**Activity:**
The lines from the top of the data down to the line with "6876 W Jasmine" should be repeated exactly, both ends included.
= = = = = = =
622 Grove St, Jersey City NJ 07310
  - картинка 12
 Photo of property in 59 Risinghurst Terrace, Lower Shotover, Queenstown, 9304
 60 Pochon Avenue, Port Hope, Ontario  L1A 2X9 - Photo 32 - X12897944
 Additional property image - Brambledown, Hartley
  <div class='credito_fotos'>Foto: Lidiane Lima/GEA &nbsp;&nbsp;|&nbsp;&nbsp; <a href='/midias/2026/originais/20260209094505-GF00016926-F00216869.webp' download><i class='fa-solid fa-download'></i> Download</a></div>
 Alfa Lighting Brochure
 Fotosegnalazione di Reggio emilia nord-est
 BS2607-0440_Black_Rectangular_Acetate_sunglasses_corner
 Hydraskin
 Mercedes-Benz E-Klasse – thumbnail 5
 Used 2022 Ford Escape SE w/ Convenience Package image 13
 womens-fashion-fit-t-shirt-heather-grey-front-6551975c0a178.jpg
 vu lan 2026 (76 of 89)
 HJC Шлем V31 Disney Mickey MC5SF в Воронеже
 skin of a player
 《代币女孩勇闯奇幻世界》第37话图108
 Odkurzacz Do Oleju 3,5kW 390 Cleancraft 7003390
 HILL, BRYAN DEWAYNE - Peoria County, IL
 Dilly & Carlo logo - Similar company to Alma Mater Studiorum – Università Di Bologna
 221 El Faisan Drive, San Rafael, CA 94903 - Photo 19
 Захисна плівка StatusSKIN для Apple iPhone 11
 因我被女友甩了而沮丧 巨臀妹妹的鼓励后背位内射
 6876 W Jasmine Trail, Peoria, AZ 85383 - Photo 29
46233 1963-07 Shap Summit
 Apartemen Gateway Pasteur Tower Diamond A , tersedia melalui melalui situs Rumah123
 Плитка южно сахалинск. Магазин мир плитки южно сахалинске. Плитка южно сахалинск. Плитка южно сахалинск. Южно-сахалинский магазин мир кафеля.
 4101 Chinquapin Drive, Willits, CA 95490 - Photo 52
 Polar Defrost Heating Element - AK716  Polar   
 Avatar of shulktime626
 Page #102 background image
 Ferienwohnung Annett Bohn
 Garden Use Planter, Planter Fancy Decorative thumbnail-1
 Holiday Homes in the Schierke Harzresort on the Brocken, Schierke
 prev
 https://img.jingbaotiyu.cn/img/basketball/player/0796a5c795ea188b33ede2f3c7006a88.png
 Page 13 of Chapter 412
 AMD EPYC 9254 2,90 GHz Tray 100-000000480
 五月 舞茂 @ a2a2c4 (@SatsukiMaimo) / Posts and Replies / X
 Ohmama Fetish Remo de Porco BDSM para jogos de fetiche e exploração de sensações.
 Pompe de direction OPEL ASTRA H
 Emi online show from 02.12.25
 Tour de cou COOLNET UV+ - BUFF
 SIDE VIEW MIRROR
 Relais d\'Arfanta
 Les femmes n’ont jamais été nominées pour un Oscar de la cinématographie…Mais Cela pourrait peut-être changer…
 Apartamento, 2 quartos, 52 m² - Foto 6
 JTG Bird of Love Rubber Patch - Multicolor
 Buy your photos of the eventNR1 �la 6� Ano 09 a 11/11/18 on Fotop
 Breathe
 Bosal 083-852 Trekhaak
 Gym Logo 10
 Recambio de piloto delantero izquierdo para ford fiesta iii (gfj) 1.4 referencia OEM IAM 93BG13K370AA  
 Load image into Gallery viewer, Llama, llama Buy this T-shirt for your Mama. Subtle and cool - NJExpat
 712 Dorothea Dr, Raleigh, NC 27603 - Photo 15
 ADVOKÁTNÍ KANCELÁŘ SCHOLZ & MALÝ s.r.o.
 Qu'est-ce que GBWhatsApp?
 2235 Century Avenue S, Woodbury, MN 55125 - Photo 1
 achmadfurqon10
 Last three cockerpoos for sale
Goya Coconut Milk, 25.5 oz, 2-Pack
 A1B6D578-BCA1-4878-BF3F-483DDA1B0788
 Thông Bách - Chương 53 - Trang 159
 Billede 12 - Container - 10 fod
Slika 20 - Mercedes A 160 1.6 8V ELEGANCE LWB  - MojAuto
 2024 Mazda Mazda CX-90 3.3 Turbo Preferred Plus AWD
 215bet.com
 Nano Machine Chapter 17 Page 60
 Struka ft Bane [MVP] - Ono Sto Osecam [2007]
= = = = = = =
**Solution to the exercise:**
622 Grove St, Jersey City NJ 07310
  - картинка 12
 Photo of property in 59 Risinghurst Terrace, Lower Shotover, Queenstown, 9304
 60 Pochon Avenue, Port Hope, Ontario  L1A 2X9 - Photo 32 - X12897944
 Additional property image - Brambledown, Hartley
  <div class='credito_fotos'>Foto: Lidiane Lima/GEA &nbsp;&nbsp;|&nbsp;&nbsp; <a href='/midias/2026/originais/20260209094505-GF00016926-F00216869.webp' download><i class='fa-solid fa-download'></i> Download</a></div>
 Alfa Lighting Brochure
 Fotosegnalazione di Reggio emilia nord-est
 BS2607-0440_Black_Rectangular_Acetate_sunglasses_corner
 Hydraskin
 Mercedes-Benz E-Klasse – thumbnail 5
 Used 2022 Ford Escape SE w/ Convenience Package image 13
 womens-fashion-fit-t-shirt-heather-grey-front-6551975c0a178.jpg
 vu lan 2026 (76 of 89)
 HJC Шлем V31 Disney Mickey MC5SF в Воронеже
 skin of a player
 《代币女孩勇闯奇幻世界》第37话图108
 Odkurzacz Do Oleju 3,5kW 390 Cleancraft 7003390
 HILL, BRYAN DEWAYNE - Peoria County, IL
 Dilly & Carlo logo - Similar company to Alma Mater Studiorum – Università Di Bologna
 221 El Faisan Drive, San Rafael, CA 94903 - Photo 19
 Захисна плівка StatusSKIN для Apple iPhone 11
 因我被女友甩了而沮丧 巨臀妹妹的鼓励后背位内射
 6876 W Jasmine Trail, Peoria, AZ 85383 - Photo 29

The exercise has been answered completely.